Nigerian medical doctor

Loretta Oduware Ogboro-Okor is a Nigerian UK-trained consultant in Obstetrics and gynaecology. She is a medical simulator expert and global goodwill ambassador. She is the president of the University of Benin Alumni Association, UK and also an author, women and youth health advocate, educationist and medical simulation trainer.

A former governorship aspirant in Edo State, she is currently the Director General Edo State Diaspora Agency .

== Early life and education ==
Loretta Ogboro-Okor was born in Benin City, Edo state to Prince Richard Osarogiuwa Ogboro and Rose Ogboro née Uwadia on August 28, 1977. She completed her primary education at Lydia primary school and gained admission on to the Federal Government Girls College, Benin City.

Ogboro-Okor studied medicine at the University of Benin, College of medical science and graduated in 2003 with MBBS.

Ogboro-Okor contributed to discussions by Edo state government on controlling the spread of COVID-19 in the state. She holds a masters in Public health research from the University of Edinburgh and another in clinical education from Sheffield Hallam University. She has a Ph.D. in law and criminology in view from Sheffield Hallam University.

== Career ==
Ogboro-Okor is a consultant obstetrician and gynaecologist in the UK. She has contributed to the Journal of medical and Basic Scientific Research where she is a member of the editorial board. A member of the Royal college of obstetricians and gynaecologists in the UK, she is a consultant obstetrician and gynaecologist with the Rotherham NHS Foundation Trust as well as an obstetrics skills and drills lead with the Doncaster and Bassettlaw teaching hospital foundation Trust.

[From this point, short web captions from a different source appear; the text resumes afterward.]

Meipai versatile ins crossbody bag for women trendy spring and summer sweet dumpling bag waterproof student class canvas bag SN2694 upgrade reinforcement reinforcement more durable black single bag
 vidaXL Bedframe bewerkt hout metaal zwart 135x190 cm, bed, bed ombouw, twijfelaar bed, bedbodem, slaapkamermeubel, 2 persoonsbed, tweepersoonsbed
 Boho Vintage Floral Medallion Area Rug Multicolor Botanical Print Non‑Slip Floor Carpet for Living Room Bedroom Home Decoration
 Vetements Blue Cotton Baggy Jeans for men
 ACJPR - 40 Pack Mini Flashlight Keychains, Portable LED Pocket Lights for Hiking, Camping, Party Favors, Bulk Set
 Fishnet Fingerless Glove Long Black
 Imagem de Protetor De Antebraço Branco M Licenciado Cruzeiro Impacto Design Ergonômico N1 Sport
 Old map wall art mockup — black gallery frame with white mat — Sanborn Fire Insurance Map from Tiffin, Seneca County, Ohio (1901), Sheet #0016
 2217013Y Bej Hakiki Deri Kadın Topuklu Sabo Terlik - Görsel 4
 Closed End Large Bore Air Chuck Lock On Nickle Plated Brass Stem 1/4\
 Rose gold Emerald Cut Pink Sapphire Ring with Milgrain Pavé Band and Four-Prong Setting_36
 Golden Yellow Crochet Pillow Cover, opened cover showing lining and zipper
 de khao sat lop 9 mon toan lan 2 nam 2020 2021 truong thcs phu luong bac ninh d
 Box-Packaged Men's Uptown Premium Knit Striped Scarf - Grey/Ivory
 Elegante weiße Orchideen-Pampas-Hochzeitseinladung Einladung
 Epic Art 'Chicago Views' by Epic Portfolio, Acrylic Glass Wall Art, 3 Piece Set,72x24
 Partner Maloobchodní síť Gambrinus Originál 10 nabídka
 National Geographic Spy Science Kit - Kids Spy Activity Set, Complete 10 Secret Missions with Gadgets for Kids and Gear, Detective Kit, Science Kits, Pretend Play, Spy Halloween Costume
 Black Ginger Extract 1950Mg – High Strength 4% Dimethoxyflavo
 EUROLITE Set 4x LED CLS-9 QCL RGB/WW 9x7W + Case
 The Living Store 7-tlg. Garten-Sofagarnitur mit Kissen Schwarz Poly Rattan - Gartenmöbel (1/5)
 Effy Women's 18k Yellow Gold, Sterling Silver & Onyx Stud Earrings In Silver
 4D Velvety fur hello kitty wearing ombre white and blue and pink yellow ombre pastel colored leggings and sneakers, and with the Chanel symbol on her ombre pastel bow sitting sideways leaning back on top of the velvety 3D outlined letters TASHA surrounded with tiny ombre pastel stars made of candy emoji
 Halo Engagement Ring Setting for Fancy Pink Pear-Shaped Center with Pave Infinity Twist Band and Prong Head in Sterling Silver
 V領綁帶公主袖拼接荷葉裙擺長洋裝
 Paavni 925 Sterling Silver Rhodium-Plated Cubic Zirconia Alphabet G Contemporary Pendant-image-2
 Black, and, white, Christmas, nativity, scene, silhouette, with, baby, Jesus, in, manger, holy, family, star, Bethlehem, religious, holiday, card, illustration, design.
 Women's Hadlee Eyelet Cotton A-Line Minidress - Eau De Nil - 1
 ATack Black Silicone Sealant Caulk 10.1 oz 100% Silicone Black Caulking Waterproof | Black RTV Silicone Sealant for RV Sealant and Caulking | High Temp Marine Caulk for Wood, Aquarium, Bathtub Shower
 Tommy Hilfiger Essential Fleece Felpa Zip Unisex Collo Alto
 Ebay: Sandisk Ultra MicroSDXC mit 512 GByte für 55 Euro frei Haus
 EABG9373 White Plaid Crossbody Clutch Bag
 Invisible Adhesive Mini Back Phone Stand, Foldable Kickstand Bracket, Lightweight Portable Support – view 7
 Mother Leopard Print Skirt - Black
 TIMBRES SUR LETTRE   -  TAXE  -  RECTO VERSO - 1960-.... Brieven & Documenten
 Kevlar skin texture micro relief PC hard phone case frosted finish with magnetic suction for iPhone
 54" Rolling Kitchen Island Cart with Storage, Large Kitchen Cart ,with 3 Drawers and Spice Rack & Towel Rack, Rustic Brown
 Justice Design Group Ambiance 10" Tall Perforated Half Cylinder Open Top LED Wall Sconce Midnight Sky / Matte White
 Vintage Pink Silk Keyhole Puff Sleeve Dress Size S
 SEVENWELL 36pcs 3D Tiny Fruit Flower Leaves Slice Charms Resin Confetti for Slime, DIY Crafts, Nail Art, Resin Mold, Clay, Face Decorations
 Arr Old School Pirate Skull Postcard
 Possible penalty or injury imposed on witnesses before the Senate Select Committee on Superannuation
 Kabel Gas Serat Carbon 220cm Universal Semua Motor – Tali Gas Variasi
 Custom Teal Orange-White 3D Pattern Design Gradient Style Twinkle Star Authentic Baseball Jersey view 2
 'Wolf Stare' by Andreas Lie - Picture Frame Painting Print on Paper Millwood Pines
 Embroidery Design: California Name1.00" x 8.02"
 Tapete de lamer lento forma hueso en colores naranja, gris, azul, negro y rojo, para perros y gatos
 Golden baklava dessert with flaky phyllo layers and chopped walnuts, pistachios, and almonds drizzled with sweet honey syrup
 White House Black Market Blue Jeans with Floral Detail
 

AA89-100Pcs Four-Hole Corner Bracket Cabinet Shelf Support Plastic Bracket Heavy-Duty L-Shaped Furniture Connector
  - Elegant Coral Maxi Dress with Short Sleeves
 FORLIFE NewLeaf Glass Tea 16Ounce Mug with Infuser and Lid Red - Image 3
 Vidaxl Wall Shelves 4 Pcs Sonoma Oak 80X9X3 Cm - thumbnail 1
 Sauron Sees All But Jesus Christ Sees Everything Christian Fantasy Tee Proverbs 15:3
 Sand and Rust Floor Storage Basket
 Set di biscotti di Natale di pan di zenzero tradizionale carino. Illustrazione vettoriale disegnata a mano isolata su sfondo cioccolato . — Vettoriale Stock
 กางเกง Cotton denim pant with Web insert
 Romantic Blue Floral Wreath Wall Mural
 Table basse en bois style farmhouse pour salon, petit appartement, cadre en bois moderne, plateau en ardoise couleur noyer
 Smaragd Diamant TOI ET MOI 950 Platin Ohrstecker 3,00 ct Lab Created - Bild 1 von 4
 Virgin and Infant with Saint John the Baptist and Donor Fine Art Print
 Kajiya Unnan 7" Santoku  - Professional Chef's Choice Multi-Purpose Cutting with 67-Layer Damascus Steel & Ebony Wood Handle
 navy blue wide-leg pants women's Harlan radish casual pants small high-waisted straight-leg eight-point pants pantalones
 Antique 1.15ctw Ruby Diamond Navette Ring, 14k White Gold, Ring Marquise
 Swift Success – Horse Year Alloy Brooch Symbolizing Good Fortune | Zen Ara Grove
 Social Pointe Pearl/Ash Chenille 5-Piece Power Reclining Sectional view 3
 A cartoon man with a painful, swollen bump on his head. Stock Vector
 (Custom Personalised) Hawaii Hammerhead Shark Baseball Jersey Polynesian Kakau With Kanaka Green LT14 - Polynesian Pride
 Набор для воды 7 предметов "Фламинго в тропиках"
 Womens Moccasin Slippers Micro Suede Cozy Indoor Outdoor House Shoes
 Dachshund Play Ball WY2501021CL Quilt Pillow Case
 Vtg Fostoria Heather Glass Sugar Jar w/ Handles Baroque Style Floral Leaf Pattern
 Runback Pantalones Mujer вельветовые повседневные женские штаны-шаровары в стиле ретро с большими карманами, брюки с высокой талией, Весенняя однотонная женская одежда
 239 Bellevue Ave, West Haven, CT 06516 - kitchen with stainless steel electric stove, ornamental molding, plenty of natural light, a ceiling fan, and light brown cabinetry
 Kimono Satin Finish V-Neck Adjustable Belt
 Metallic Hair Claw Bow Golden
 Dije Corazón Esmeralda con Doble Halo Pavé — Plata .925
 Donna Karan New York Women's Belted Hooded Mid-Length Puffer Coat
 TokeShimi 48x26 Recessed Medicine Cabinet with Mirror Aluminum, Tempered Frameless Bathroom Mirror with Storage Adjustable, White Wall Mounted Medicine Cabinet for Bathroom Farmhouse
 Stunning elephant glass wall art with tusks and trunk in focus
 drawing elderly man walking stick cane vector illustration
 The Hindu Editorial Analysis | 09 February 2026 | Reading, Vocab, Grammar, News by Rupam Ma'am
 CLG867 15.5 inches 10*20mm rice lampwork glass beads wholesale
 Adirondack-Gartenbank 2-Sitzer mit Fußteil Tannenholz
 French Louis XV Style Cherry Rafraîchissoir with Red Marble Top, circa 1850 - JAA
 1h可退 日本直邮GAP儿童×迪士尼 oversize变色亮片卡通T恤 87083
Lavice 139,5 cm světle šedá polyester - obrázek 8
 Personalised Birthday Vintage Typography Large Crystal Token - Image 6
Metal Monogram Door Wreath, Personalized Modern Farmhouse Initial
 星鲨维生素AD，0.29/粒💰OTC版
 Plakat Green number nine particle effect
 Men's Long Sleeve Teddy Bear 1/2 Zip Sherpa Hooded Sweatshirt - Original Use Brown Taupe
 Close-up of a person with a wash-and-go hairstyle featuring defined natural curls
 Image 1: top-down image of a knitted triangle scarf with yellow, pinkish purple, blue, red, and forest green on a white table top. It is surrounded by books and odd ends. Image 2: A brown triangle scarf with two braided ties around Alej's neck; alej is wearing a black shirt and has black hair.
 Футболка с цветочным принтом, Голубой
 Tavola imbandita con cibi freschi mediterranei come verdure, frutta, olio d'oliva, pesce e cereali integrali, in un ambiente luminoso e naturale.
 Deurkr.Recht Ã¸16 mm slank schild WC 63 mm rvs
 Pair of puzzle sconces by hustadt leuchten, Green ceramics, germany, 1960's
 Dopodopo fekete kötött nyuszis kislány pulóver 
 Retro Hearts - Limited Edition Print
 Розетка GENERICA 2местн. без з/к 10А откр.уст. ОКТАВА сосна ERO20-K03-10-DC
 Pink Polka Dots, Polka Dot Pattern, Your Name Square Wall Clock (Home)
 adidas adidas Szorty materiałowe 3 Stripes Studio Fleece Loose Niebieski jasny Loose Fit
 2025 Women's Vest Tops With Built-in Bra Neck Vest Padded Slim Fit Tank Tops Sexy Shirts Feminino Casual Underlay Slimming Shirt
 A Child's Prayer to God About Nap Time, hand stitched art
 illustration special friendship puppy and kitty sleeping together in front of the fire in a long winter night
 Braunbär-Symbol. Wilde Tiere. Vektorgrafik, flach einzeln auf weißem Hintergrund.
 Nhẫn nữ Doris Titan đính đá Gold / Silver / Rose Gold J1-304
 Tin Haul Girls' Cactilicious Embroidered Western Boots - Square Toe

As an author she has published an autobiography, My Father's Daughter and Heartwebs. She is also part of a team working to stop illegal migration and trafficking from Nigeria.

== Personal life ==
Ogboro-Okor is married to Douglas Okor, a neurosurgeon. She has a blog Loretta Reveals, where she writes on issues like politics, gender inclusion and social reform. She is the leader for the health care policy group in the Obi-Datti presidential campaign and was a panelist at the Big Tent Coalition telethon televised on Nigerian television to raise funds for the labor party presidential candidate, Peter Obi.

In 2021, she was appointed into the Diaspora agency committee by Godwin Obaseki of Edo state. She is the co-founder of the Ashanti Graham health and education foundation which builds capacity of health care professionals and gives prizes to graduating students in the medical field who excel.

Ogboro-Okor was part of the Midwestern professionals led by Don Pedro Obaseki who were calling for restructuring in Nigeria as a group.

== Awards ==
Ogboro-Okor won the Accenture 10th Gender mainstreaming awards as positive role model West Africa award in the management, consulting and legal services sector.